In 1913, he moved the manufacturing and bottling operations to Monroe, Louisiana, continuing to grow the business. With his son Malcolm and other entrepreneurs, in 1925 he bought a crop-dusting business. They added eighteen planes to the fleet, making it the largest private one in the world. They developed this business as Delta Air Lines, moving it later to Atlanta, Georgia. The Biedenharn family has had a philanthropic tradition in both Vicksburg and Monroe, making major contributions to historic, educational, recreational and charitable purposes.

==Vicksburg years==
Of German ancestry, Biedenharn was the oldest son of twelve children, born in Vicksburg to Herman Henry Biedenharn and the former Louisa Wilhemine Lundberg. Three children died in 1874/75, eight sons and one daughter grew up.

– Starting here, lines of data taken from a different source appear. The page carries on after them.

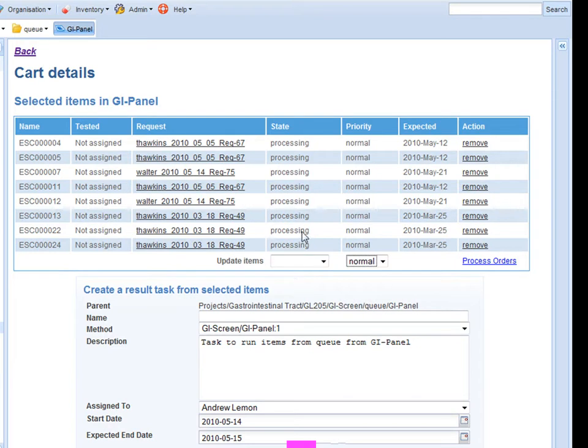This acts as a trigger for the system to make a real order in the inventory system. Because at this point I have accepted these items into my service group ready to be processed.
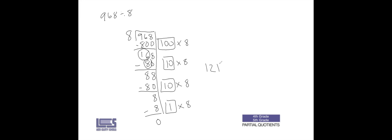Think about what this number is as we place it up here. We have one one so we're going to put that in the ones place. Two tens so we're going to make sure we put that in the tens place. And 100 so we're going to put that in the hundreds place. And remember there's no remainder, so the answer to our problem is 121.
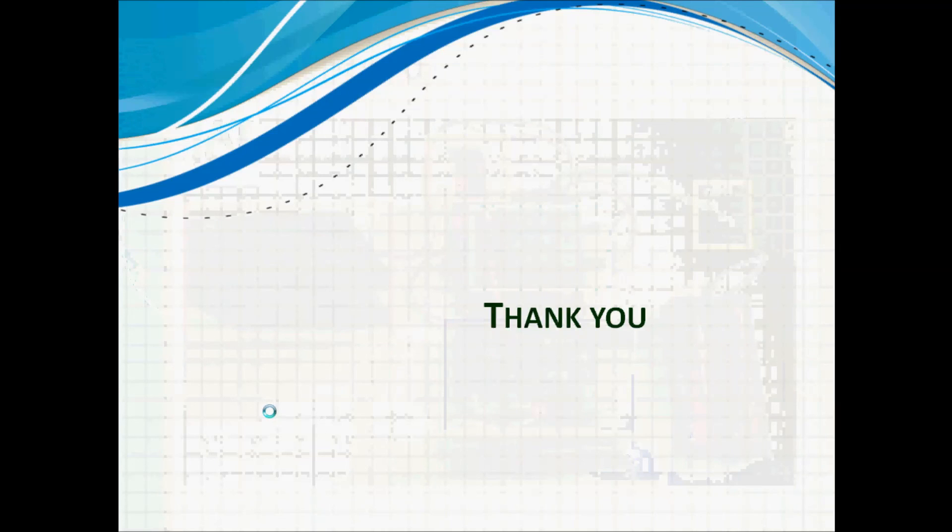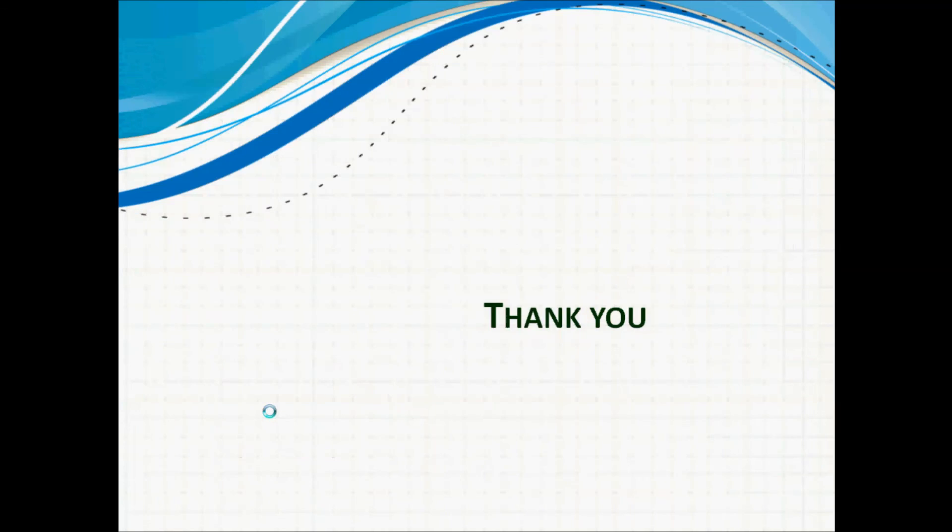Thank you for watching. If you like this video, please subscribe to our channel. If you need details, please check the below description.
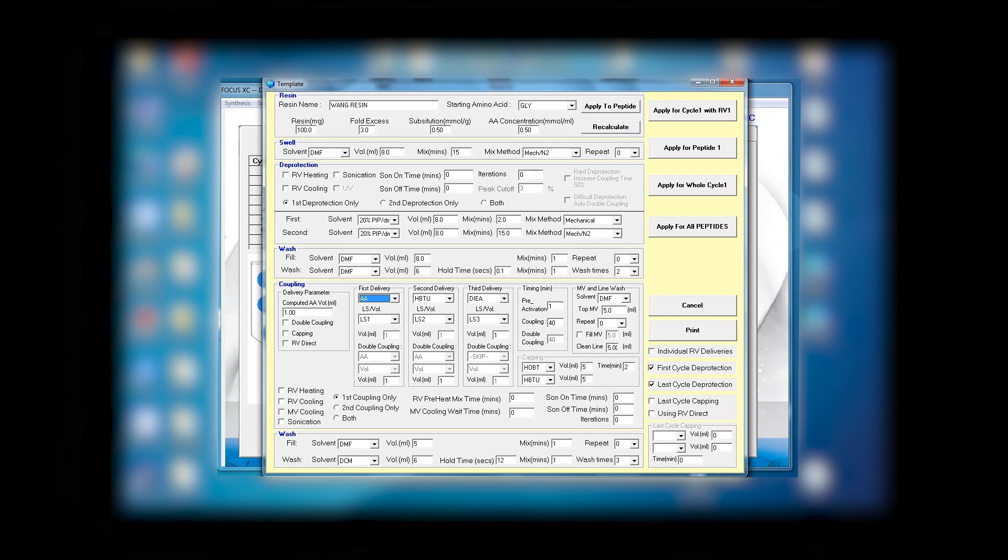Depending on the concentration and also the extra fold you want to use. The same thing with HBTU and the same thing with DIEA. Remember we recommend the concentration of these be 0.2 or 0.3 or maximum 0.4. DIEA could be twice as concentrated as an amino acid and HBTU.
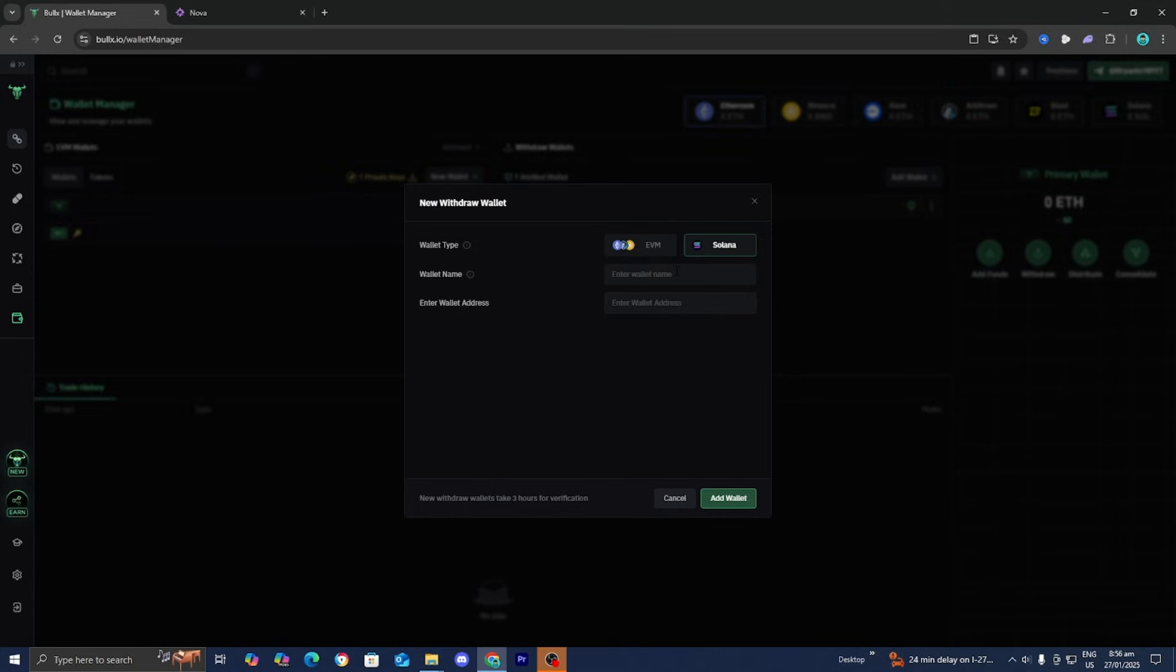You can find this easily through the Phantom web browser extension or the Phantom application. Enter the wallet address and press Add Wallet once you are done.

 Both were immigrants with their families following the Revolutions of 1848. Biedenharn's father and uncle owned a two-story brick building in downtown Vicksburg, which housed Herman's shoe store on one side and his son Joseph's candy company on the other.

After getting established, Biedenharn married Annie in 1889. They had a daughter, Emma Louise (Emy-Lou), and three sons, Malcolm S. Biedenharn, Henry A. Biedenharn Sr., and Bernard W. Biedenharn. Malcolm worked closely with his father in the family business and its various expansions into other fields.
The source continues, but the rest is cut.